Dataset extract
....
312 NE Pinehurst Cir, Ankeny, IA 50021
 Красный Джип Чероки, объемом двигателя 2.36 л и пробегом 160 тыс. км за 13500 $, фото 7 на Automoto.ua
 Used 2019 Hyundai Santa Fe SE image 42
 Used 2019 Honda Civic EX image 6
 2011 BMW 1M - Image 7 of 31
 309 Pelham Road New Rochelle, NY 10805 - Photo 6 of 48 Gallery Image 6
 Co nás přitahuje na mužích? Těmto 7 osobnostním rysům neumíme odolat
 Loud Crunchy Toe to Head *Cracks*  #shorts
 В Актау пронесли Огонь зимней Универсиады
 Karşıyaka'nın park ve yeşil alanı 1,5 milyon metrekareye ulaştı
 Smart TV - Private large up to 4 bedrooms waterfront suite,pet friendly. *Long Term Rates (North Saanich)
....
Exercise instructions
Output the line containing "Co nás přitahuje" and every line after it through the final line of the records above, exactly as written and nothing else.

Expected answer
 Co nás přitahuje na mužích? Těmto 7 osobnostním rysům neumíme odolat
 Loud Crunchy Toe to Head *Cracks*  #shorts
 В Актау пронесли Огонь зимней Универсиады
 Karşıyaka'nın park ve yeşil alanı 1,5 milyon metrekareye ulaştı
 Smart TV - Private large up to 4 bedrooms waterfront suite,pet friendly. *Long Term Rates (North Saanich)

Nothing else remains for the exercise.